Copy out exactly the stretch below, from the line with "Apartmany Catalina Nesvady Zewnętrze zdjęcie" through the line with "Building Photo - 233 E Glacier Dr", both included; the pictures stay out.
-- Opening Marker --
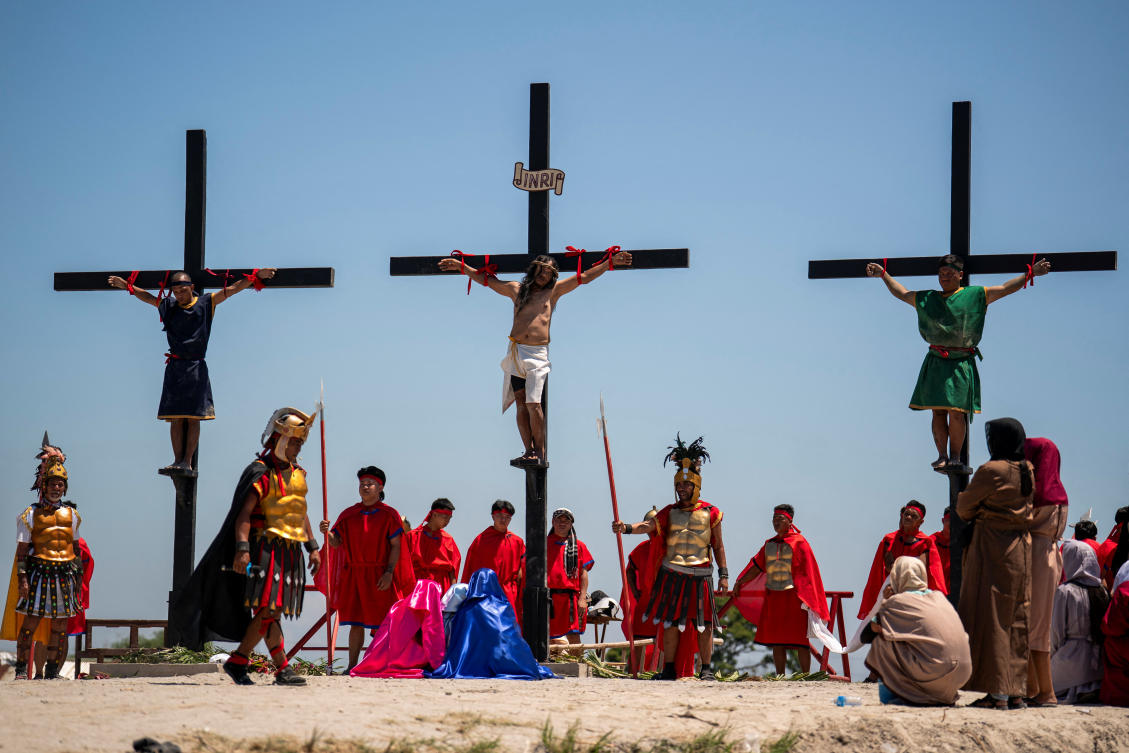 Philippines devotees nailed to crosses to re-enact Christ’s crucifixion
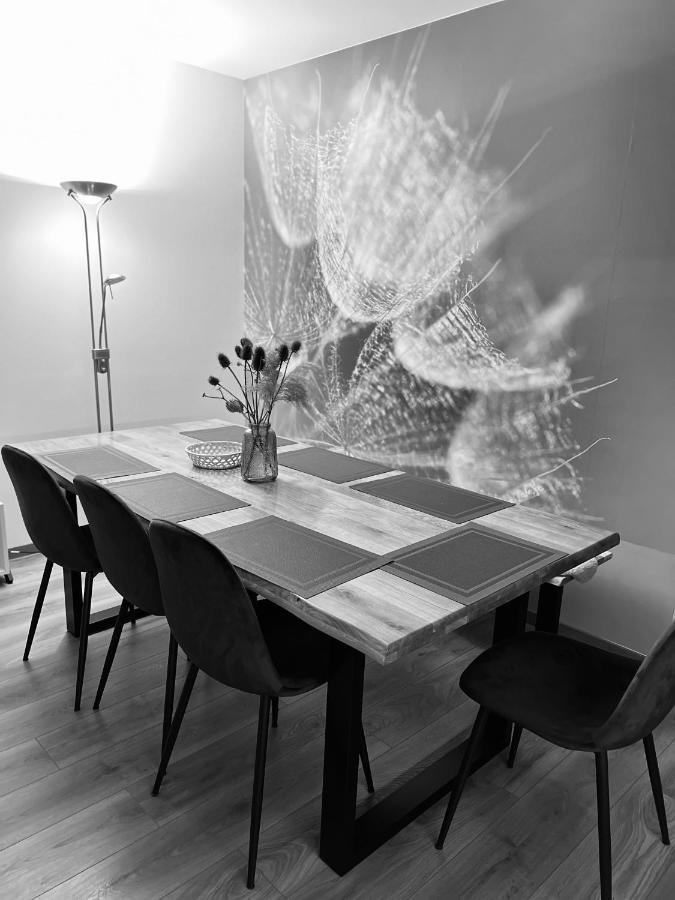 Apartmany Catalina Nesvady Zewnętrze zdjęcie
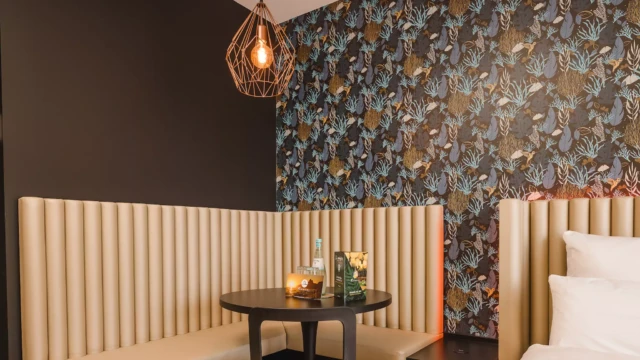 Hotelzimmer mit großem Bett und Esstisch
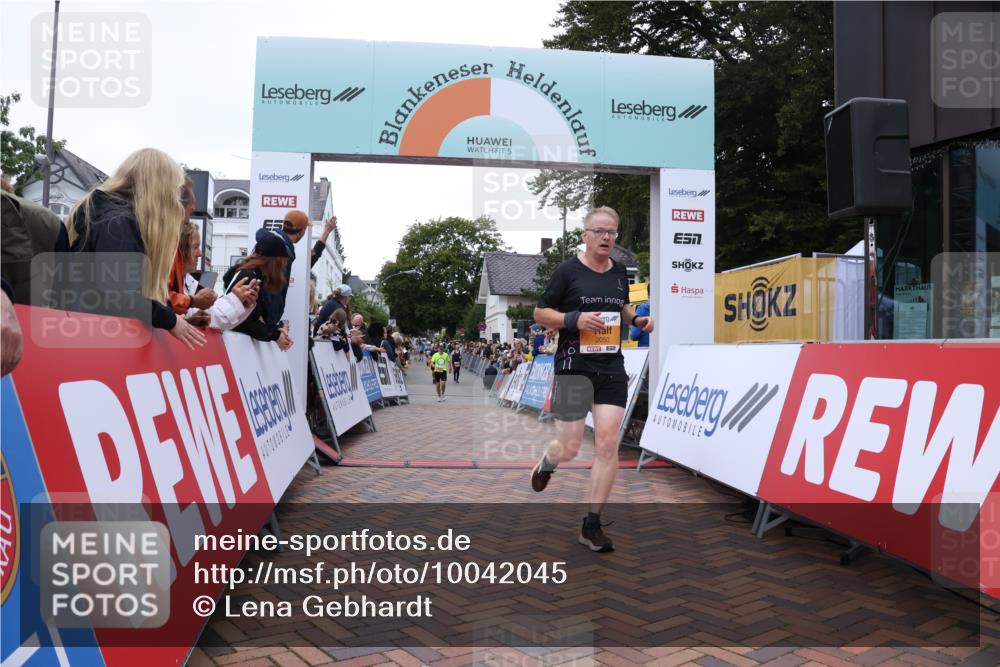 30.08.2026 - Blankeneser Heldenlauf Lena Gebhardt http://msf.ph/oto/10042045 30.08.2026 11:47:33 Ziel 2050 meine-sportfotos.de
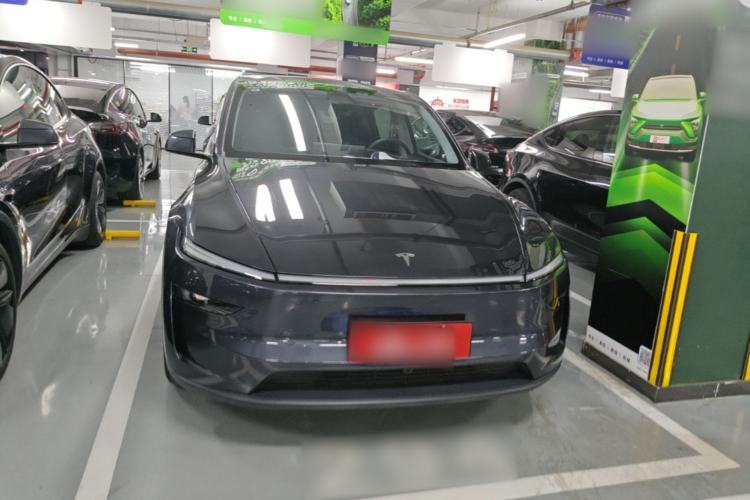 Used Tesla Model Y 2025 Rear-Wheel-Drive Version Front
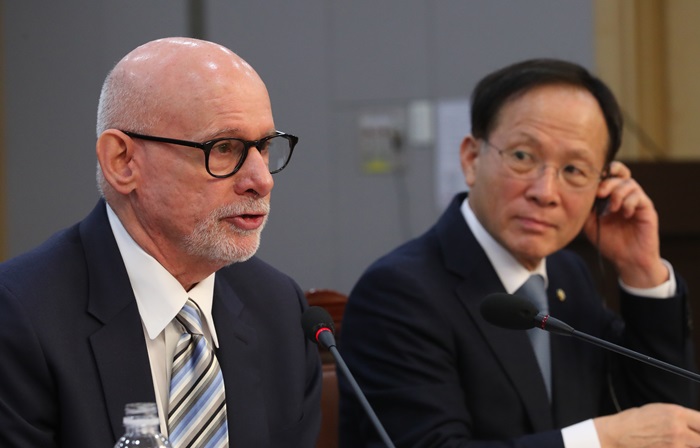 Joel S. Wit, founder of the North Korea-monitoring website 38 North, on Feb. 19 speaks in a breakfast meeting at a forum on diplomacy and national security at the National Assembly in Seoul. (Yonhap News)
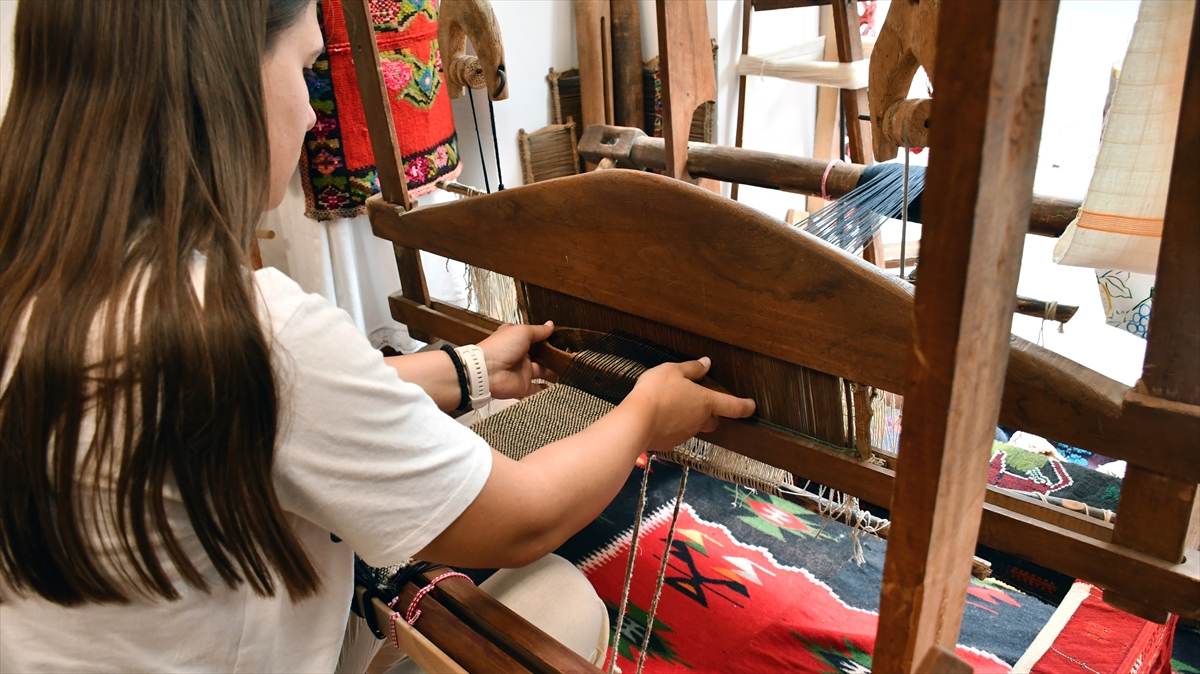 Unutulmaya yüz tutmuş dokumacılık, Üsküplü gençlerin elinde hayat buluyor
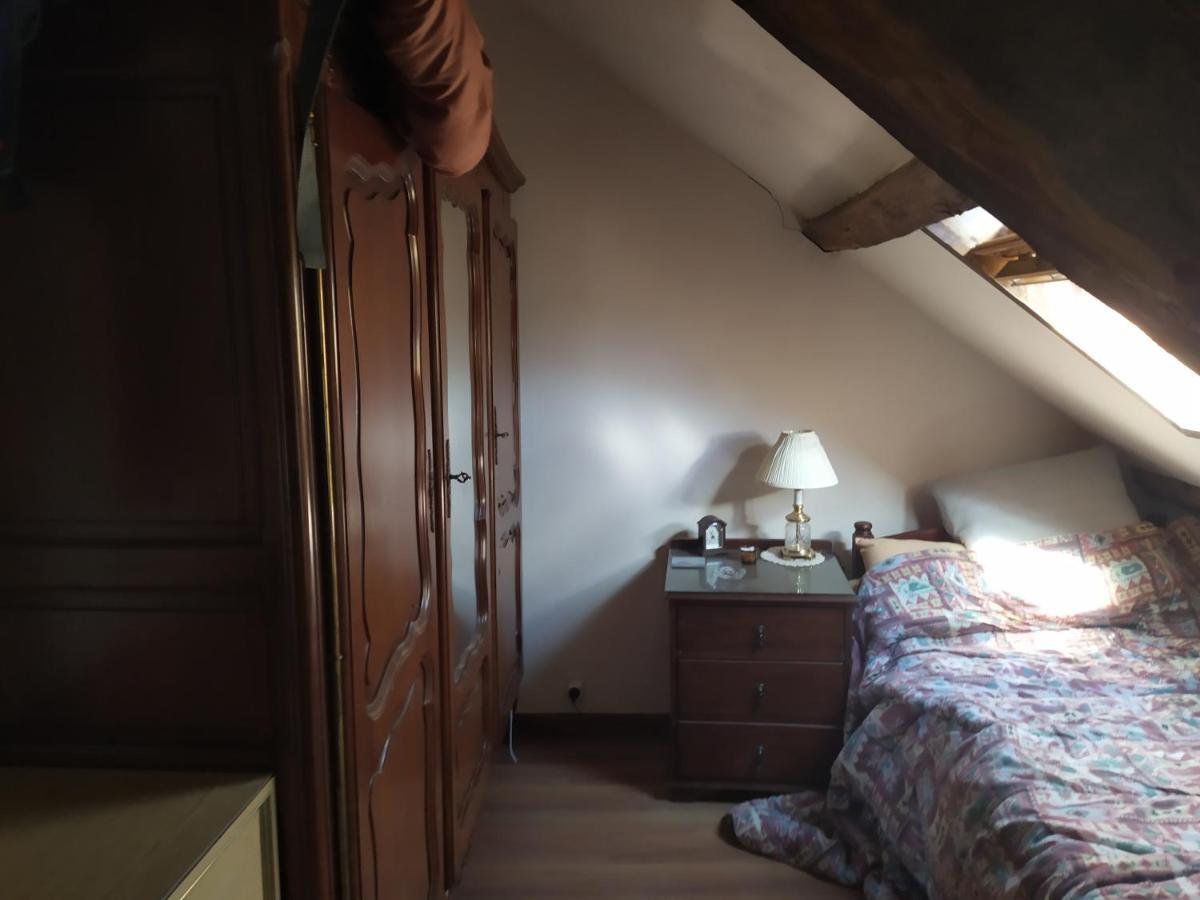 Maison En Granit Bleue Lanhelin Bagian luar foto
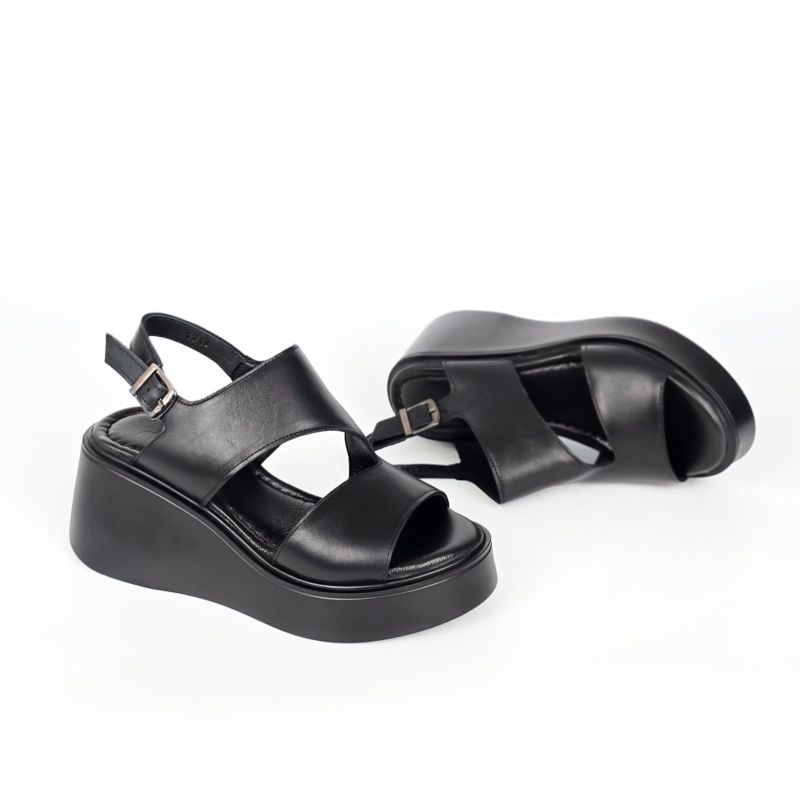 Nadia Comfort Platform Sandal - Classic Black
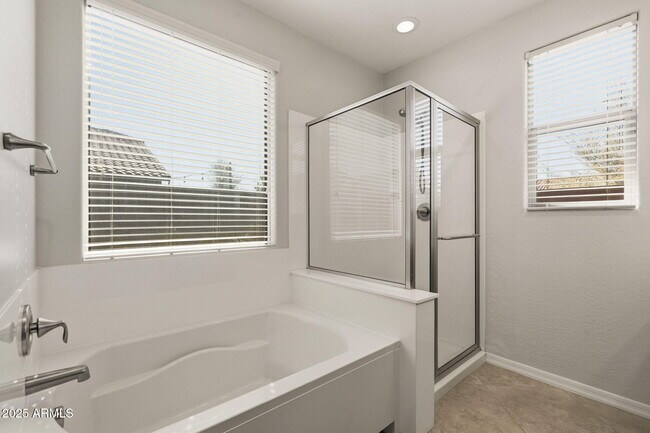 Building Photo - 233 E Glacier Dr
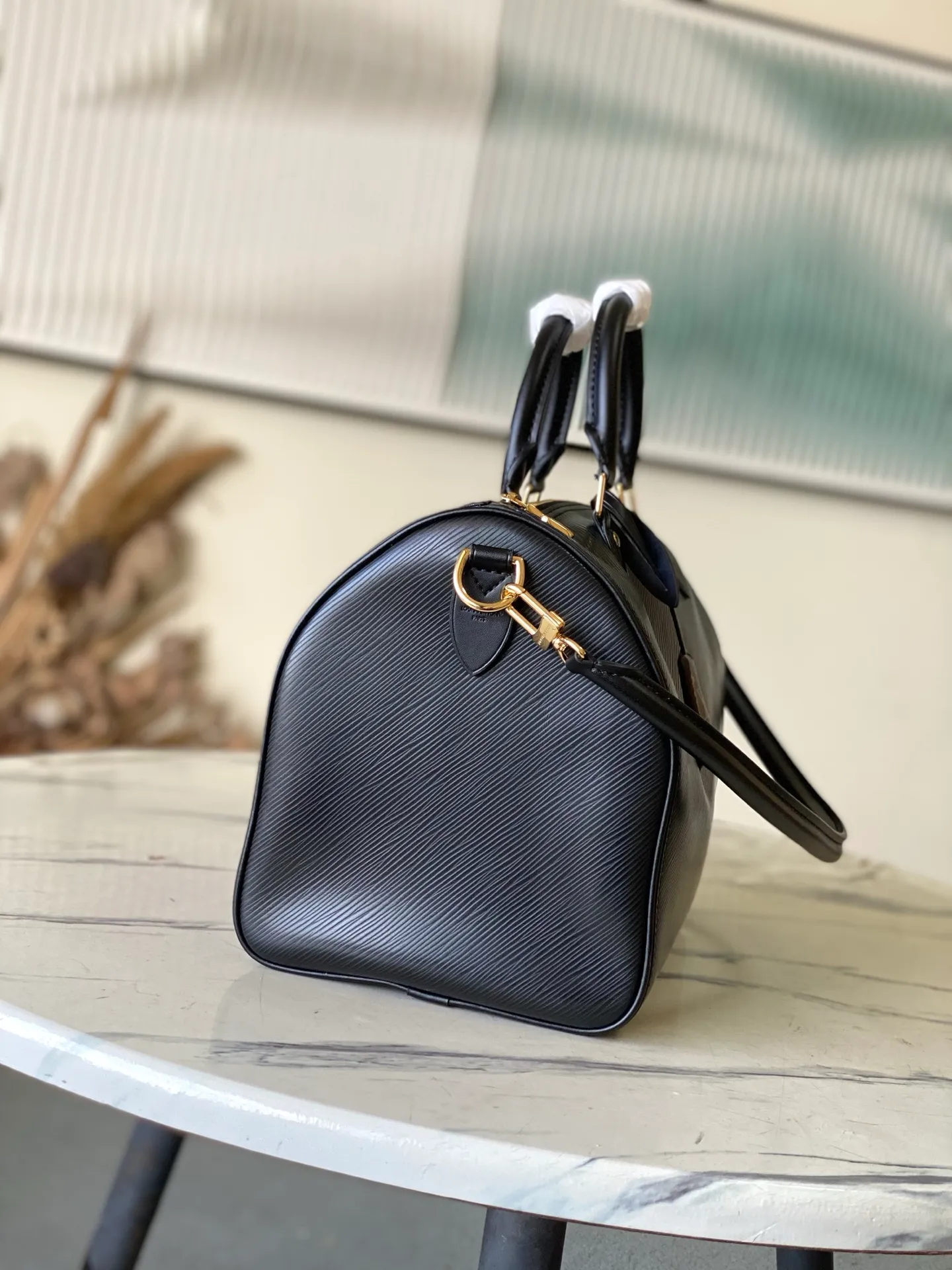 💰1340 (first-grain leather) top original order M25671 black This Speedy Bandoulière 30 handbag is carefully designed by Pharrell Williams’ fashion partner Nigo. The Monogram pattern on the cow leather is paired with the French and Japanese handwritten words of “Louis Vuitton”, “Paris” and “Tokyo”. The leather trim continues the same print, creating a unique and eye-catching visual effect. 32 x 22.5 x 18 (cm)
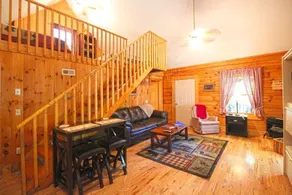 Maggie's Cabin - Image 2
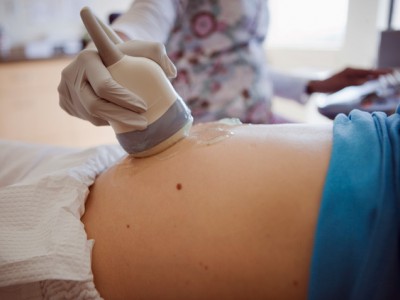 Xét nghiệm chọc ối khi mang thai: lợi ích và rủi ro?
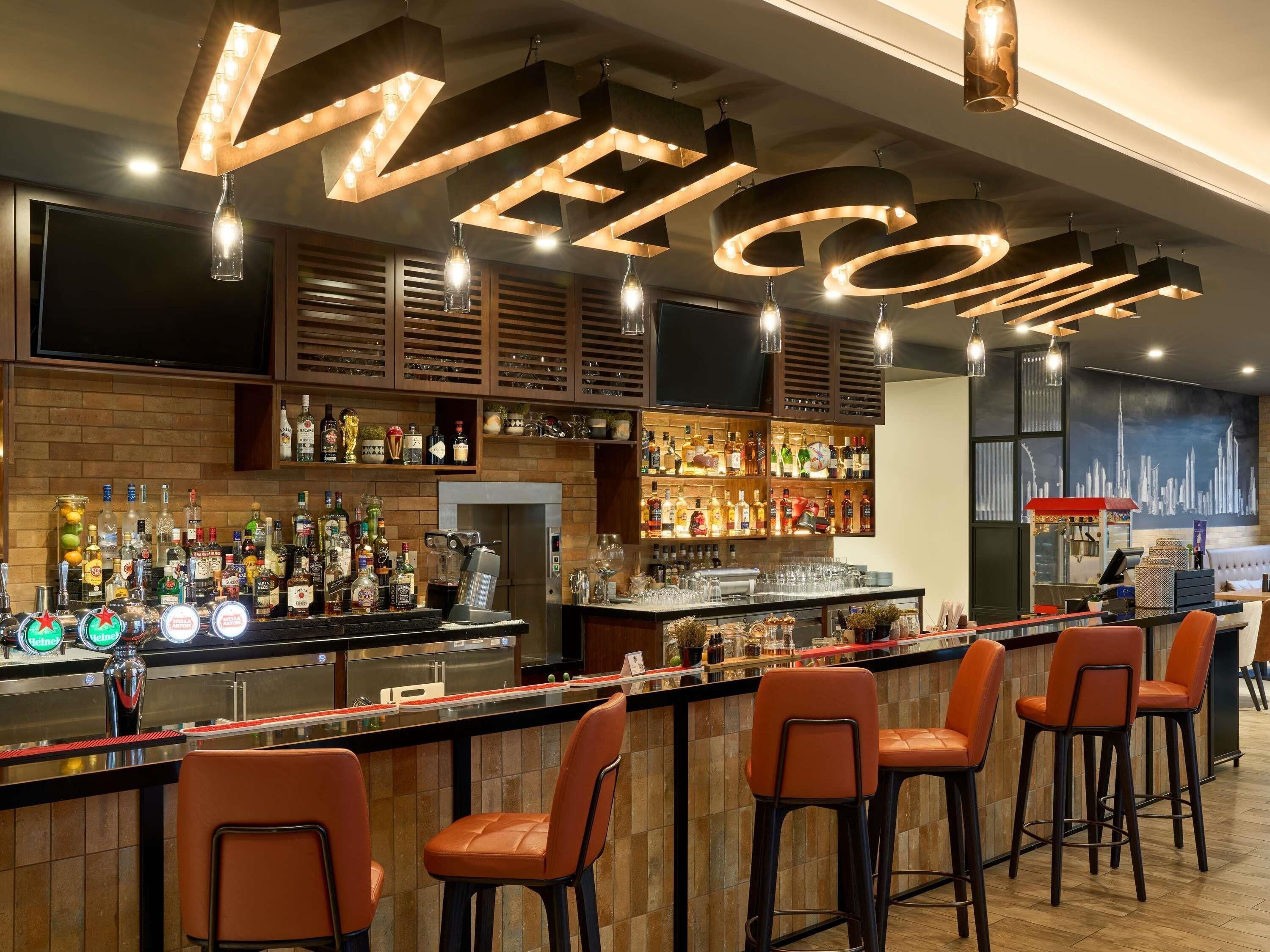 2 bars/lounges, sportbar, bar met dakterras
-- Closing Marker --
■ **EXERCISE ANSWER**:
 Apartmany Catalina Nesvady Zewnętrze zdjęcie
 Hotelzimmer mit großem Bett und Esstisch
 30.08.2026 - Blankeneser Heldenlauf Lena Gebhardt http://msf.ph/oto/10042045 30.08.2026 11:47:33 Ziel 2050 meine-sportfotos.de
 Used Tesla Model Y 2025 Rear-Wheel-Drive Version Front
 Joel S. Wit, founder of the North Korea-monitoring website 38 North, on Feb. 19 speaks in a breakfast meeting at a forum on diplomacy and national security at the National Assembly in Seoul. (Yonhap News)
 Unutulmaya yüz tutmuş dokumacılık, Üsküplü gençlerin elinde hayat buluyor
 Maison En Granit Bleue Lanhelin Bagian luar foto
 Nadia Comfort Platform Sandal - Classic Black
 Building Photo - 233 E Glacier Dr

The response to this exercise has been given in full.